Firstly, I loved Room, I really loved The Handmaiden and I have always loved a good period ghost story in the vein of E.F. Benson’s How Fear Departed from the Long Gallery or William Hope Hodgeson’s The Horse of the Invisible (don’t you want to read that just from the title?), so all things considered: the director of the best film of 2015 adapting a book from the author of the best film of probably the last FIVE years, set in a haunted, dilapidated old manor in post-war England…it’s no surprise that I should really love this movie.
The story follows the grave young working-class doctor Faraday who is called to the rundown Hundreds Hall and falls for the lady of the manor Catherine, but as their relationship grows more troubled, the ghostly manifestations of the house grow more malevolent.
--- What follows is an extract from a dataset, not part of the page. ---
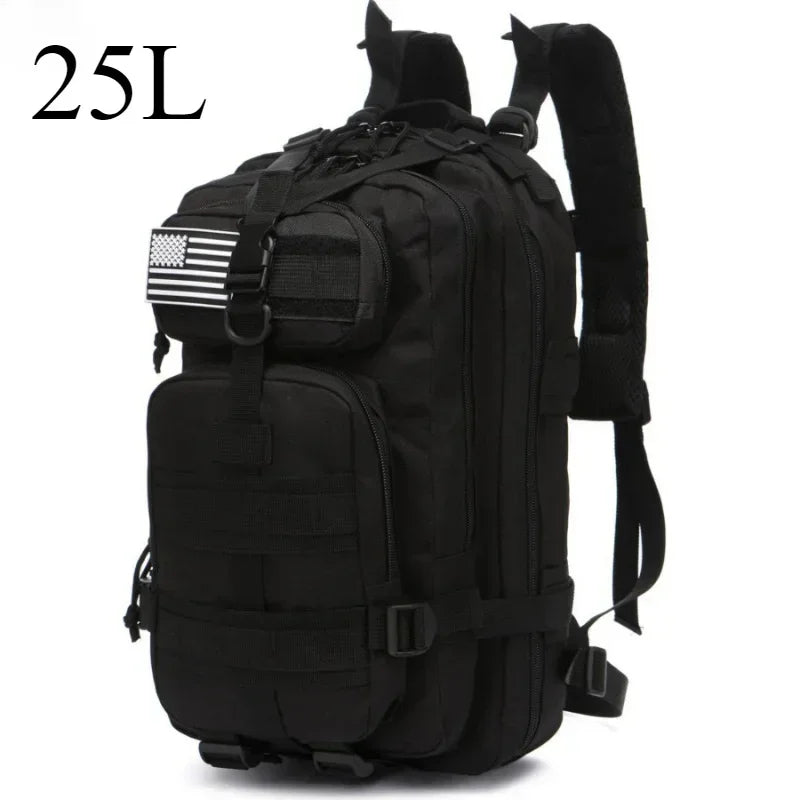 Tactical MOLLE Backpack 25L/50L – Military Assault Pack for Hiking & Camping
I’ve not yet read any of Sarah Waters novels (I have an unread copy of Fingersmith on my shelf) but I am beginning to develop a huge respect for her work since adaptations of her novels have led to two movies that I immediately wanted to see again, so dense and tricky were they, so full of lines that once spoken, hang, glinting in the scene like the reveal of a loaded gun, heavy with implication and inference. Many of the basic story elements here will be familiar to viewers of The Handmaiden, especially the theme of class and importance of architecture (the production design in both films is paramount and incidentally fantastic). Both films feature characters from opposite sides of the class divide, one hoping to inveigle themselves into the upper echelons, the other to extricate themselves from them. Both films begin with the main character arriving at a great house, the long journey up the winding drive to the house through a fairy-tale dark wood, and coming to know the denizens of the sinister home, who all seem to be a little crooked and ill, like Brideshead Revisited with a sadistic glint in its eye. Although this film is far more cynical and less satisfying than The Handmaiden. Where the latter enthralled with how measured and detailed every facet was, all whirring and ticking like the workings of an intricate machine of entertainment, The Little Stranger is chill and ambiguous, but just as menacing and cunningly constructed, like reaching through a veil to reveal a different scene from the one you expected.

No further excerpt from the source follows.